# Spark Connectors

## Apache Maven

> Apache Maven is a build tool designed for managing and uniformly building any Java-based project. By defining your project in a __project object model(POM)__ Maven can build the project into __Java Archive(JAR)__ files which are easily distributed on Mavens central repository. 

### Maven as a build tool

Maven is a __build tool__. So what does this mean and how can this help us? __Build tools__ are programs which help in the automation of __building, testing, compiling, and deployment__ of __source code__ into a useable application.

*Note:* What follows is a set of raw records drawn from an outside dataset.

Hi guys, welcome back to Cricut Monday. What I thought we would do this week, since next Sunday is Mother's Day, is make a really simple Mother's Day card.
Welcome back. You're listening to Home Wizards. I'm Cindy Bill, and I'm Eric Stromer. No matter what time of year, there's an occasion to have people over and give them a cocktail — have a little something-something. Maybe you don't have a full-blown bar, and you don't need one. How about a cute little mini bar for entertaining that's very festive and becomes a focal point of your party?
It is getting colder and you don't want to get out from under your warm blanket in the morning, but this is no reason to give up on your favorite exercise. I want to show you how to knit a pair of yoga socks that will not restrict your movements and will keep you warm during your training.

Maven was defined to meet these objectives:
- Make the build process easy 
- Provide a uniform build process
- Provide quality project information
- Encourage better development practices

Maven as a build tool:

- Normally used for Java based projects, complies code usually into `JAR` files but other types can be specified. 
- Keeps project build consistent through the use of __POM__ file which describes the __project structure, dependencies, configuration__ and __licenses__ when build your project.
- Automates testing of the file during the build process.
- Encourages sharing built projects on the Maven central repository https://mvnrepository.com/repos/central to share with other users.

### The POM file

When building a project it can rely on many different dependencies critical to its function. 

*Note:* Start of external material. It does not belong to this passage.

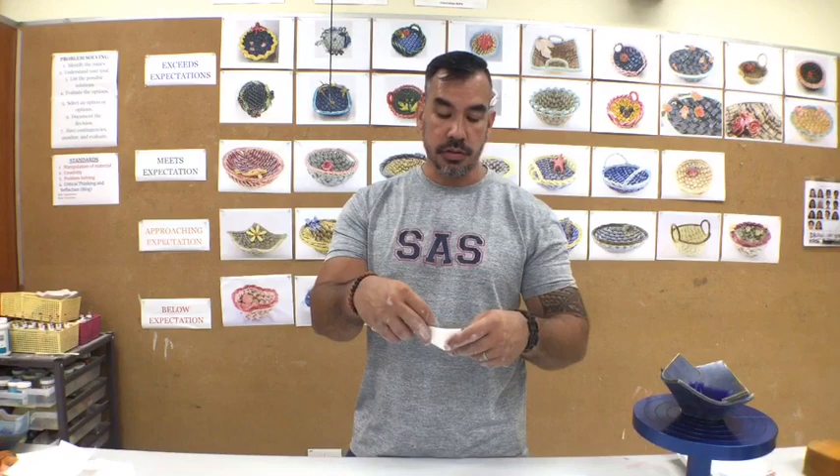The project usually begins with the design process. The design process begins by giving students a choice whether to create it out of a square, trapezoid, octagon, hexagon, or even a triangle. I hesitate too much with giving students a circle to do because most of the product after assembly with circles tend to look like a traditional looking bowl.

Navigating between many different websites can be tedious to find the correct versions and many different dependencies required for your project. This is what the __POM file__ is designed to solve, it gives you a uniform structure to define your project in code when building it.

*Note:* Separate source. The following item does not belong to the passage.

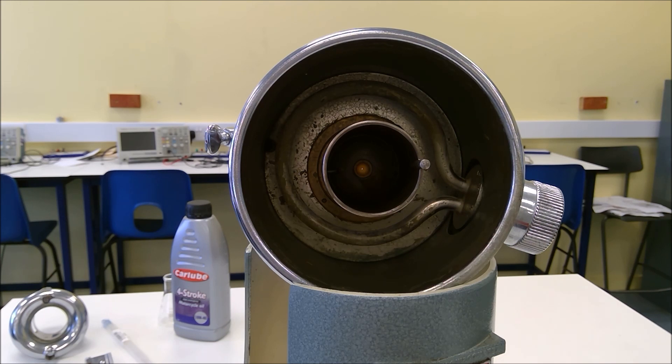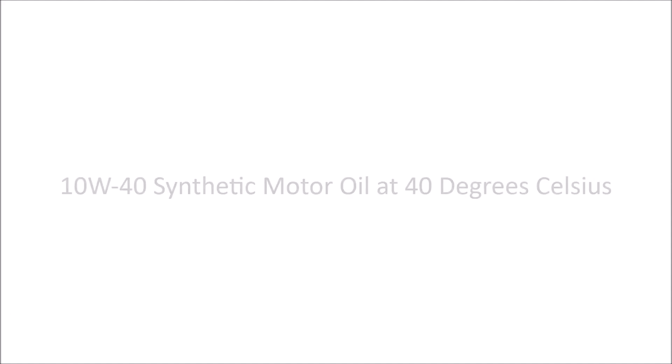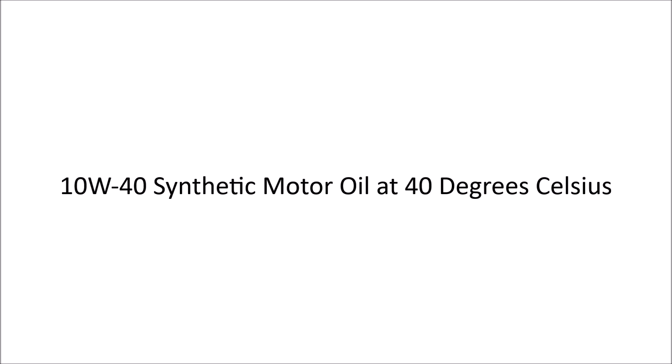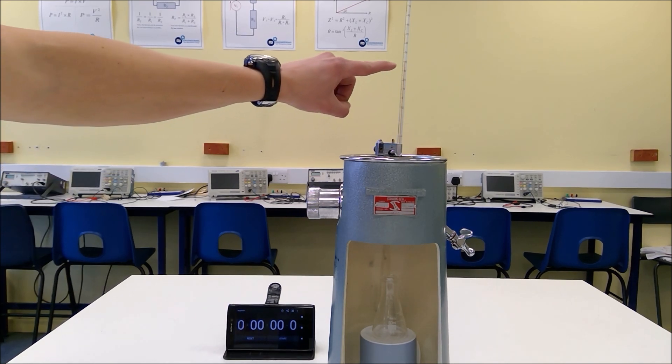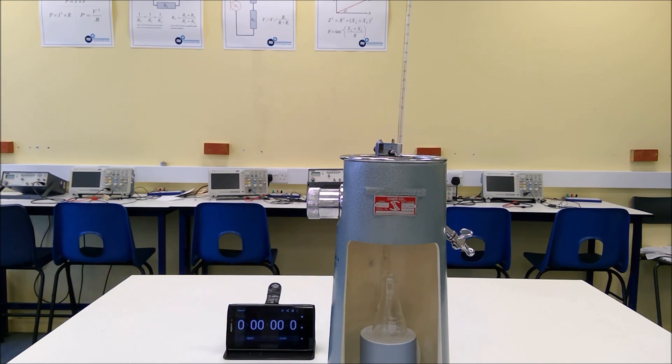So now I'm going to set up the Redwood viscometer for our first viscosity measurement. In this first experiment we can see that the temperature of the oil in the vessel is at 40 degrees. I'm going to lift the plug that's covering the orifice and then we're going to time how long it takes to collect 50 millilitres of the oil.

POM files are a representation of your Maven project written in `XML` and stored in a `pom.xml` file. 

This is where you will define dependencies, build configuration, licensing, and even the URL of where the project lives. The general layout and configurable tags are shown here:



In [None]:
<project xmlns="http://maven.apache.org/POM/4.0.0" xmlns:xsi="http://www.w3.org/2001/XMLSchema-instance"
  xsi:schemaLocation="http://maven.apache.org/POM/4.0.0 https://maven.apache.org/xsd/maven-4.0.0.xsd">
  <modelVersion>4.0.0</modelVersion>
 
  <!-- The Basics -->
  <groupId>...</groupId>
  <artifactId>...</artifactId>
  <version>...</version>
  <packaging>...</packaging>
  <dependencies>...</dependencies>
  <parent>...</parent>
  <dependencyManagement>...</dependencyManagement>
  <modules>...</modules>
  <properties>...</properties>
 
  <!-- Build Settings -->
  <build>...</build>
  <reporting>...</reporting>
 
  <!-- More Project Information -->
  <name>...</name>
  <description>...</description>
  <url>...</url>
  <inceptionYear>...</inceptionYear>
  <licenses>...</licenses>
  <organization>...</organization>
  <developers>...</developers>
  <contributors>...</contributors>
 
  <!-- Environment Settings -->
  <issueManagement>...</issueManagement>Setup 
  <ciManagement>...</ciManagement>
  <mailingLists>...</mailingLists>
  <scm>...</scm>
  <prerequisites>...</prerequisites>
  <repositories>...</repositories>
  <pluginRepositories>...</pluginRepositories>
  <distributionManagement>...</distributionManagement>
  <profiles>...</profiles>
</project>

The bare minimum which should be included in your project is outline here, 

In [None]:
<project xmlns="http://maven.apache.org/POM/4.0.0" xmlns:xsi="http://www.w3.org/2001/XMLSchema-instance"
  xsi:schemaLocation="http://maven.apache.org/POM/4.0.0 https://maven.apache.org/xsd/maven-4.0.0.xsd">
  <modelVersion>4.0.0</modelVersion>
 
  <groupId>org.apache.spark</groupId> 
  <artifactId>spark-core</artifactId> 
  <version>3.2.1</version>

We won't go into detail about building your own projects and connectors because they will normally be available for you on the Maven repository. When using a Maven project with Spark you will just need to specify the Maven coordinates to download the package. 

#### Maven Coordinates

The required fields are `groupId:artifactId:version`. This acts like an address to your project and timestamp in one. It tells you where in the Maven repository to find the project, this is known as it's Maven Coordiantes. 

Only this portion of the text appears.